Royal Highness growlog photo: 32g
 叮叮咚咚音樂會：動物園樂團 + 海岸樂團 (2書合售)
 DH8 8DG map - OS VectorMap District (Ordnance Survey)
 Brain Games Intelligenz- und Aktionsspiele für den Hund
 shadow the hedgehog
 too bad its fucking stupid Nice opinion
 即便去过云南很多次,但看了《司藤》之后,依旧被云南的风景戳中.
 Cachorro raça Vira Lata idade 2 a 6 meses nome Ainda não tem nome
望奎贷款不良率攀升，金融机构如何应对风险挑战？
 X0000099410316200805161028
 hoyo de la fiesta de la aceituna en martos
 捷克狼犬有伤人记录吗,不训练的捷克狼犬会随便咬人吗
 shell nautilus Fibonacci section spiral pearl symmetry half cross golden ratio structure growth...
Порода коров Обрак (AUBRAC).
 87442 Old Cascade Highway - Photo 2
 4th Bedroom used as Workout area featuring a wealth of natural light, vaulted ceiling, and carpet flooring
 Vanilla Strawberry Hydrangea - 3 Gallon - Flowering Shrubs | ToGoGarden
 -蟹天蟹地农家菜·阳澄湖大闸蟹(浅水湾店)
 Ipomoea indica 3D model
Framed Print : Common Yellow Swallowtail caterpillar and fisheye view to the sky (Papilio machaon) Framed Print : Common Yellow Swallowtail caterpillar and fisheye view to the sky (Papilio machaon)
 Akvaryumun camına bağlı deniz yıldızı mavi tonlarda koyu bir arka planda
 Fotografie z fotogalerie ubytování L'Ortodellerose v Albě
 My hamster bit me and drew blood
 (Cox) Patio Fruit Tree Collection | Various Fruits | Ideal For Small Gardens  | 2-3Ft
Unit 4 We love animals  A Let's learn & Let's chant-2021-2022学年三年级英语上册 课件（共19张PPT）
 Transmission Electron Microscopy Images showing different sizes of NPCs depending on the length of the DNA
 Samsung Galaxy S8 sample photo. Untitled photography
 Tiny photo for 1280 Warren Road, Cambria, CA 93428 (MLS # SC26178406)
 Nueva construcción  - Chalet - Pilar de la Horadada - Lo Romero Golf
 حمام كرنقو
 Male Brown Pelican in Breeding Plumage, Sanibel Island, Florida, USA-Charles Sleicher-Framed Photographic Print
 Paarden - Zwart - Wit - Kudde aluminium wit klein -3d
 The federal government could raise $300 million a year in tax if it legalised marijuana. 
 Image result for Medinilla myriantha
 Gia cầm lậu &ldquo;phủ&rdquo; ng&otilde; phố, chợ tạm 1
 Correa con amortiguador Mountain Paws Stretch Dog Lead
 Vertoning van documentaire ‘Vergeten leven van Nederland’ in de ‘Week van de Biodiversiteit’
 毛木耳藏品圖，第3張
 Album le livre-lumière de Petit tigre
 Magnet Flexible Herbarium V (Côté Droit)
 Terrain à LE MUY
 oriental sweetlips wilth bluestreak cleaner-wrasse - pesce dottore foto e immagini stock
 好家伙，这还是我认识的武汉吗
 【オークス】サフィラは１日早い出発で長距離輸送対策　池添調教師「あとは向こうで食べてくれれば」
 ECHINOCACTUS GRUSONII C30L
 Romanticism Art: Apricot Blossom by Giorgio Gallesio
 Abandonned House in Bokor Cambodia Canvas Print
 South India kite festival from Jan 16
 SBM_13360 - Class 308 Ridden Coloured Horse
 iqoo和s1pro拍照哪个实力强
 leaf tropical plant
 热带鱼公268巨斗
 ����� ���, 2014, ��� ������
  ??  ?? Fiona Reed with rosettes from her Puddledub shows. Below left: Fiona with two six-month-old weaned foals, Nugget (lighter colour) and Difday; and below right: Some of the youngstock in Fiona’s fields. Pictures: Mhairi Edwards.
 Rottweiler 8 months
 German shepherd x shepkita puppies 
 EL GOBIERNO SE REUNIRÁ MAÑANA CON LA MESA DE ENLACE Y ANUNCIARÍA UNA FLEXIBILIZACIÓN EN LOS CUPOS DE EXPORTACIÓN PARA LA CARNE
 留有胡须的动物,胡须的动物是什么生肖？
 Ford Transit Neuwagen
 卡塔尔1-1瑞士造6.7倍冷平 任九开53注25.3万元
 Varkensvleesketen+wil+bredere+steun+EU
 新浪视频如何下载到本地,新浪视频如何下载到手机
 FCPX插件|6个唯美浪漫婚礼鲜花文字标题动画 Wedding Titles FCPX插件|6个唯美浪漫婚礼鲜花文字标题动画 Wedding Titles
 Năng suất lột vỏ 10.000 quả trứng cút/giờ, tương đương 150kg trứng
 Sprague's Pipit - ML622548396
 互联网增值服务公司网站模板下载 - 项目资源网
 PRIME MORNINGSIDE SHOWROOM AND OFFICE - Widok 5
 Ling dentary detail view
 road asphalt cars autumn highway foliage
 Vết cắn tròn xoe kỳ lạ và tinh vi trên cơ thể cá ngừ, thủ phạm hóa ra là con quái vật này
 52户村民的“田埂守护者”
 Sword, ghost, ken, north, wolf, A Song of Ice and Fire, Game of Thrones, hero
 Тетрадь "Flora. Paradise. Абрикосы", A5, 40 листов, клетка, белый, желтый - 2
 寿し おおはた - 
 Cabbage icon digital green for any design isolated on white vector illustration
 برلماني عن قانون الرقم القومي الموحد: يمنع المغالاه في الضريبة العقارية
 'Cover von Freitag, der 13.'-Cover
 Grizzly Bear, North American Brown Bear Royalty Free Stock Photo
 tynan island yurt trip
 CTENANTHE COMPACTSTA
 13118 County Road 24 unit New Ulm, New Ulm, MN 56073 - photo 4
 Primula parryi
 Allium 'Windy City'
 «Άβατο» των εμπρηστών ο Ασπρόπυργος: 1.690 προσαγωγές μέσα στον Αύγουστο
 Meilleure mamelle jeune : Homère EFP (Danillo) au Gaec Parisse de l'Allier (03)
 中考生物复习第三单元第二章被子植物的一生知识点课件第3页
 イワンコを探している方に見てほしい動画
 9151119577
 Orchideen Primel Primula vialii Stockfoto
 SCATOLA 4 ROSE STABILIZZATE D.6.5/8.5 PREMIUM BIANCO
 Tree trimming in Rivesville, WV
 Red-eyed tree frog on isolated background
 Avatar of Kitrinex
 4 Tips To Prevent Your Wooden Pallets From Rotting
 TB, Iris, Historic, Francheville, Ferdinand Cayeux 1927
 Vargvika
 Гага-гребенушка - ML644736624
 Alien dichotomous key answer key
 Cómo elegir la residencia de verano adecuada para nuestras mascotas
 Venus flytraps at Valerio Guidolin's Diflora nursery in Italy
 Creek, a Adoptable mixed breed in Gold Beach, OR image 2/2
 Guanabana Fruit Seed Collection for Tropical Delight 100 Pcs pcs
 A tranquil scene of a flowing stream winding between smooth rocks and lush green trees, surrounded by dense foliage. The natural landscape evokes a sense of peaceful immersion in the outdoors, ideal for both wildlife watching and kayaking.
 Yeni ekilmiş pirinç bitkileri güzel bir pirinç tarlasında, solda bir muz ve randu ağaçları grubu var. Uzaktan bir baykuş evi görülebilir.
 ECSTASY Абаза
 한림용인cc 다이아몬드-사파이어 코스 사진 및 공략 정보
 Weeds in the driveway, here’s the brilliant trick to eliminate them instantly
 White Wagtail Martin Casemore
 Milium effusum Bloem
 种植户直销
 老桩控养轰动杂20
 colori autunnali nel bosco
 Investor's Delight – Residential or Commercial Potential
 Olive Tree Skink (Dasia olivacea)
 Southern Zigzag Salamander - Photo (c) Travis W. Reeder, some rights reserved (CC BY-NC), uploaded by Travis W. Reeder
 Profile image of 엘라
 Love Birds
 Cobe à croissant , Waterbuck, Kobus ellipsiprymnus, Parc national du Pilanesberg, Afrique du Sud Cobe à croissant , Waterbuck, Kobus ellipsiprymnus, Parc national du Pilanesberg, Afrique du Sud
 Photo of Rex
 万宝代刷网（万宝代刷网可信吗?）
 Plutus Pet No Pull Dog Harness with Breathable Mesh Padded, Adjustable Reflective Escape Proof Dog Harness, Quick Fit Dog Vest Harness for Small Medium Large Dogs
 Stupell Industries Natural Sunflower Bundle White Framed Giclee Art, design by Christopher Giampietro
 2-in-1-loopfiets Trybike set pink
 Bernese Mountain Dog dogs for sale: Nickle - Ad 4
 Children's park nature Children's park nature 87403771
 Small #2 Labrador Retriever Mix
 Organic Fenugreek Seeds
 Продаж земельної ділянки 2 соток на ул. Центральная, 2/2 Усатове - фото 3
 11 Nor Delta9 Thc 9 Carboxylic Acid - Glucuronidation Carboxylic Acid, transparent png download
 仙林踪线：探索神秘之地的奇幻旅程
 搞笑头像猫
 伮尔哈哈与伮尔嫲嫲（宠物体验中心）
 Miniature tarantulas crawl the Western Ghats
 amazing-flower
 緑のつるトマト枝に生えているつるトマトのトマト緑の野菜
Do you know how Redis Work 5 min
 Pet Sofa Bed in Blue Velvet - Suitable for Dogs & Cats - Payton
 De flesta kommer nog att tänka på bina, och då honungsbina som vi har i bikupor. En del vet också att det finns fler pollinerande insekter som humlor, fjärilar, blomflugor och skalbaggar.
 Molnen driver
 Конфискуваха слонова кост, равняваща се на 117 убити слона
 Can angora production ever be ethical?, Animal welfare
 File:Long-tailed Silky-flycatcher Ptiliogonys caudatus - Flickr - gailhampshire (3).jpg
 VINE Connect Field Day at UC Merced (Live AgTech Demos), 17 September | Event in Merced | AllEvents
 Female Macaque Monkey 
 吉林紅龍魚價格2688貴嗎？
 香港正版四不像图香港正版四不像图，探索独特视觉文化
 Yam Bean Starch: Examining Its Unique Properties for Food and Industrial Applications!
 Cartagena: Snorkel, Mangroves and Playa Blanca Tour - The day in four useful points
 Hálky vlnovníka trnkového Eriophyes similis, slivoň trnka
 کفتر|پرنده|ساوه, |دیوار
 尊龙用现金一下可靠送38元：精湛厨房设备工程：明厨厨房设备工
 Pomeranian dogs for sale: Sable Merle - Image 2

════

> Work required
Produce a word-for-word copy of everything above from the line holding "Fotografie z fotogalerie" down to the line holding "Abandonned House in", with both of those lines kept.

> Problem solution
 Fotografie z fotogalerie ubytování L'Ortodellerose v Albě
 My hamster bit me and drew blood
 (Cox) Patio Fruit Tree Collection | Various Fruits | Ideal For Small Gardens  | 2-3Ft
Unit 4 We love animals  A Let's learn & Let's chant-2021-2022学年三年级英语上册 课件（共19张PPT）
 Transmission Electron Microscopy Images showing different sizes of NPCs depending on the length of the DNA
 Samsung Galaxy S8 sample photo. Untitled photography
 Tiny photo for 1280 Warren Road, Cambria, CA 93428 (MLS # SC26178406)
 Nueva construcción  - Chalet - Pilar de la Horadada - Lo Romero Golf
 حمام كرنقو
 Male Brown Pelican in Breeding Plumage, Sanibel Island, Florida, USA-Charles Sleicher-Framed Photographic Print
 Paarden - Zwart - Wit - Kudde aluminium wit klein -3d
 The federal government could raise $300 million a year in tax if it legalised marijuana. 
 Image result for Medinilla myriantha
 Gia cầm lậu &ldquo;phủ&rdquo; ng&otilde; phố, chợ tạm 1
 Correa con amortiguador Mountain Paws Stretch Dog Lead
 Vertoning van documentaire ‘Vergeten leven van Nederland’ in de ‘Week van de Biodiversiteit’
 毛木耳藏品圖，第3張
 Album le livre-lumière de Petit tigre
 Magnet Flexible Herbarium V (Côté Droit)
 Terrain à LE MUY
 oriental sweetlips wilth bluestreak cleaner-wrasse - pesce dottore foto e immagini stock
 好家伙，这还是我认识的武汉吗
 【オークス】サフィラは１日早い出発で長距離輸送対策　池添調教師「あとは向こうで食べてくれれば」
 ECHINOCACTUS GRUSONII C30L
 Romanticism Art: Apricot Blossom by Giorgio Gallesio
 Abandonned House in Bokor Cambodia Canvas Print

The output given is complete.